26/11/2018 – HENRY FIELDING
"Tom Jones", de Henry Fielding, um livro com mais de 250 anos, precisa ser mais conhecido. Talvez a melhor propaganda seja dizer que Jane Austen e as irmãs Brontë eram leitoras e fãs do Fielding. O livro fala "sobre a tolice do amor e a sabedoria da prostituição legal", expressão altamente irônica usada pelo autor para se referir ao casamento por interesse. O enredo tem ares de tragédia romântica, mas também é bastante cômico. Ao final de cada capítulo, Fielding faz outro em que se põe a discutir a própria obra que está escrevendo. Ele fala com o leitor muitas vezes e de uma maneira bem divertida. Esses capítulos metalinguísticos são bem interessantes para refletir sobre o “fazer literário”. Exemplo: "Um autor, para me fazer chorar, diz Horácio, há de chorar primeiro.

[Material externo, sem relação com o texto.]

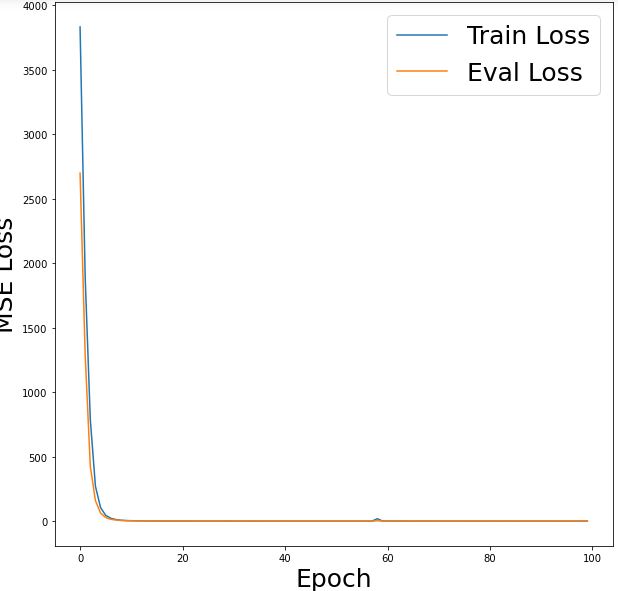 Learning Curve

Ninguém em realidade pode pintar bem uma aflição se não a sentir enquanto pinta; nem duvido de que as cenas mais patéticas e comoventes tenham sido escritas com lágrimas. O mesmo se verifica com o ridículo. Estou convencido de que nunca faço rir gostosamente o leitor senão quando eu mesmo rio antes dele; a menos de suceder alguma vez que, em lugar de rir comigo, ele se sinta inclinado a rir de mim". A sacada mais engraçada do livro é o capítulo chamado "Receita para recobrar a perdida afeição de uma esposa, que nunca se soube houvesse falhado nos casos mais desesperados”: é o capítulo em que o marido morre. Há momentos de novela picaresca, a la Dom Quixote, mas há momentos de incrível tensão, o que inclui uma trama em que uma mulher combina com um homem o estupro de outra. Como curiosidade, constatei o seguinte: em Cervantes, as pessoas desmaiam; em Tolstoi, elas coram; e em Fielding elas ficam sentadas uma diante da outra sem falar nada por vários minutos. Mais algumas frases que eu pesquei na obra: “É um segredo bem conhecido dos grandes homens que, ao concederem um favor, nem sempre fazem um amigo, mas criam infalivelmente muitos inimigos". "Os homens de verdadeiro saber e conhecimentos quase universais sempre se amiseram da ignorância alheia; mas os sujeitos que se distinguem nalguma artezinha baixa e desprezível desprezam sempre os que lhes desconhecem a arte". “Dá-se, porém, com o ciúme o que se dá com a gota: quando se encontram no sangue essas enfermidades, nunca se pode ter a certeza de que não se manifestem”.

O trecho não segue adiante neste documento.